Although, Lu believes one-hour shipping could potentially be offered by “local bricks-and-mortar stores that have [stock available in-store].” Although, she still questions the necessity of this service, because of how easily consumers can get the same service through initiatives like Airtasker, minus the extra strain one-hour shipping would put on retailers themselves.

“You can achieve [this] yourself anyway by sending out an Airtasker. I’ve sent one out to get me Hollywood tape and KFC before.”

Dean Salakas, Co-CEO at The Party People and Advisory Board Member at Online Retailer

Dean Salakas on Shark Tank

Dean Salakas, Co-CEO at The Party People

Salakas easily has the most optimistic view on one-hour shipping out of the retailers Power Retail spoke to, as according to The Party People’s Co-CEO, “it already exists – at least to some extent.”
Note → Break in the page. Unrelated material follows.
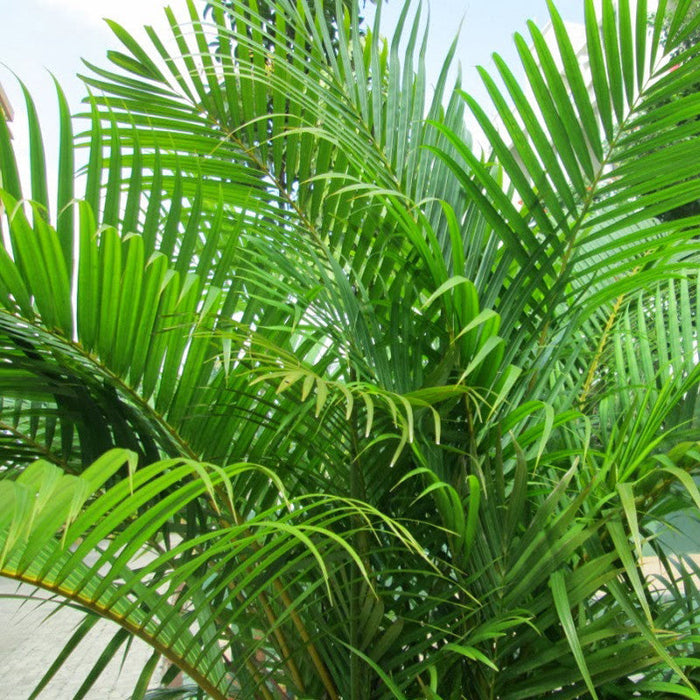 areca palm air Areca Palm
“Something like delivering balloons… it already has a life on it,” he says. While he acknowledges that successfully implementing a wide-scale fast delivery network is not without its challenges, he also thinks the most important thing is that customers are given choice.

“I’m all for customer choice, rather than worrying too much about complexity – give them as much choice as possible.

“We already offer quite a few delivery services, with regular, same-day and express all in the mix”, he says, “but other shipping services add value… there’s a huge market for a one-hour delivery window”.

Presently, Salakas says that warehouse staff usually pick an order on the same-day, if an order is placed before 11 am, and that order will be shipped by 4 pm. To pick a typical order of party supplies, which he says could be arund 20-30 items, staff often take 30-minutes.

“I think it’s just over 50 percent of our order volume is already express, so providing a one-hour shipping service, wouldn’t put that much of an extra strain on our existing staff. I don’t think we would have to hire extra workers unless the service was to really take off.”

Salakas also says that the business wouldn’t necessarily have to carry the extra cost of providing extremely fast delivery, as it could be passed on “customers will pay for the privilege of ordering and getting it straight away”.

For peace of mind, allowing the status of their delivery is clearly communicated, Salakas is confident that throwing the extra delivery option in the mix will ultimately help retailers thrive in a competitive market.

“Customers are always asking for options, it’s just the question of whether it’s commercial to provide the options they want. But, when it comes down to it, if you’re not offering the best customer experience, you’ll end up missing out on sales and that will hurt you in a competitive market.”